Myth 3: The Normal Distribution is Normal
The normal distribution is ubiquitous in statistics, so much so that it is thought that the concept and the term derived from the supposed fact that the naturally-occurring (“normal”) shape of most data was the bell-shaped normal distribution.
This was not quite the case. Development of the normal distribution took place from several different sources in the early 1800’s, and, in most of them, the distribution was fit to derived statistics:
- The binomial distribution as sample size gets large
- The means of samples drawn from a dataset as the sample size grows (central limit theorem)
- The distribution of errors of measurements
The normal distribution was, in fact, originally called the “error distribution”. The early statistician Sir Francis Galton (“regression to the mean”) helped extend the domain of the normal curve.
Galton was not the first to apply it to naturally occurring data in addition to measurement errors, but his work considerably advanced the perception of the normal curve as representing the usual distribution of measured data in nature. He, and others, (mis)used the normal distribution in the service of social engineering guided by eugenics (see The Normal Share of Paupers).
The normal distribution proved extremely useful in the era of mathematical statistics, as it could be used to take analysis out of the realm of (messy) data and render it a matter of calculation. W. S. Gosset, in his seminal paper on the t-distribution, described the mathematical convenience of the normal distribution:
…
In the era of computational statistics, this advantage matters less, and can sometimes be counterproductive in shifting attention away from the data.
Data, in fact, are normally-distributed to a lesser degree than a casual observer might think. Julian Simon, a pioneer in resampling methods (which liberate analysts from normality assumptions), used to teach the normal distribution via heights. He would draw a bell shaped curve, saying initially that it represented heights. Then he would amend it by adding a second peak, to distinguish women and men. Then he would add a long tail to the left: children. Finally, he would produce additional modified curves to represent different regions and ethnic groups. The distribution was normal only after all these groups were filtered out.
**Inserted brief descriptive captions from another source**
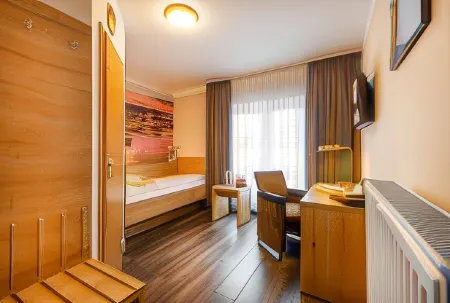 City Hotel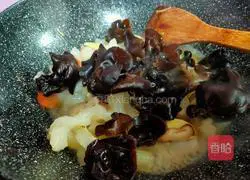 Illustration of how to make stir-fried tendons with black fungus 8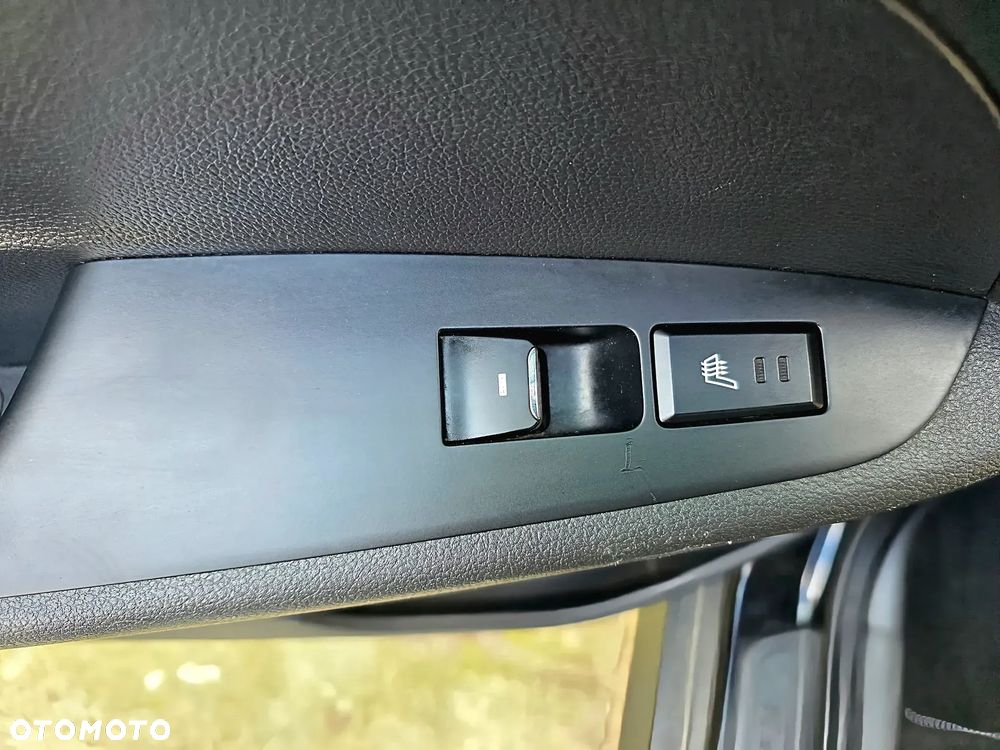 Hyundai Tucson 2.0 CRDI Premium 4WD - 15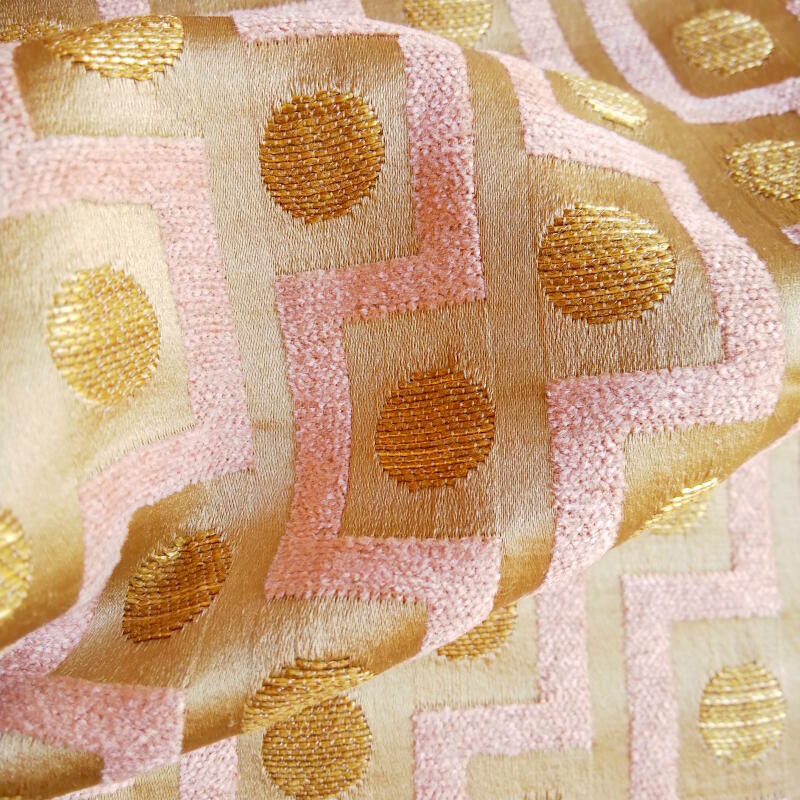 OPIO rose (M4014-07)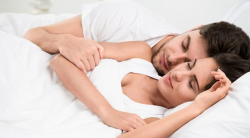 4 Posisi Seks Andalan Tahun Baru yang Wajib Dicoba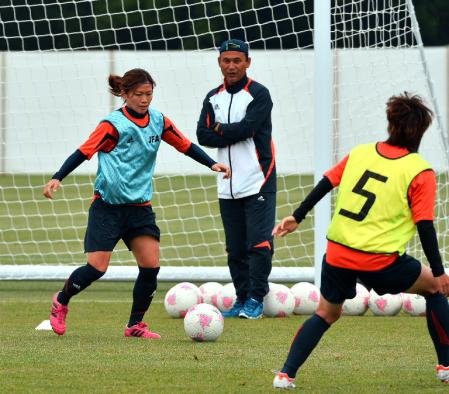 　普段と変わらぬ様子で川澄（左）らの練習を見守る佐々木監督（中央）＝カーディフ（撮影・出月俊成）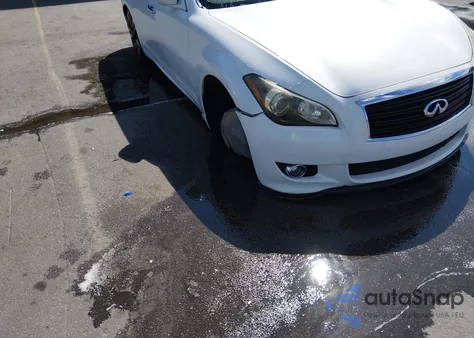 2012 Infiniti M56 z USA, uszkodzony, nr VIN JN1AY1AP3CM530347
Often, data that we think of as normally-distributed, particularly in the social sciences, are that way only after a lot of adjustment. For example, people often think that intelligence, as represented in IQ scores, is normally-distributed. In fact, IQ tests are engineered to produce scores that are normally distributed. If the tests produce too many scores at the “intelligent” end of the scale, test engineers add harder questions and drop easy ones. If the tests skew in the opposite direction (too “unintelligent”), the engineers add more easy questions and drop some hard ones. The fine tuning proceeds until a nicely-shaped normal curve results.
The term “normal,” by the way, was originally applied in its geometric sense (perpendicular or orthogonal). Carl Friedrich Gauss applied the term to the familiar bell-shaped distribution because the equations that lay behind it were, at the time, termed orthogonal or normal. It meant nothing about the typical or usual state of data.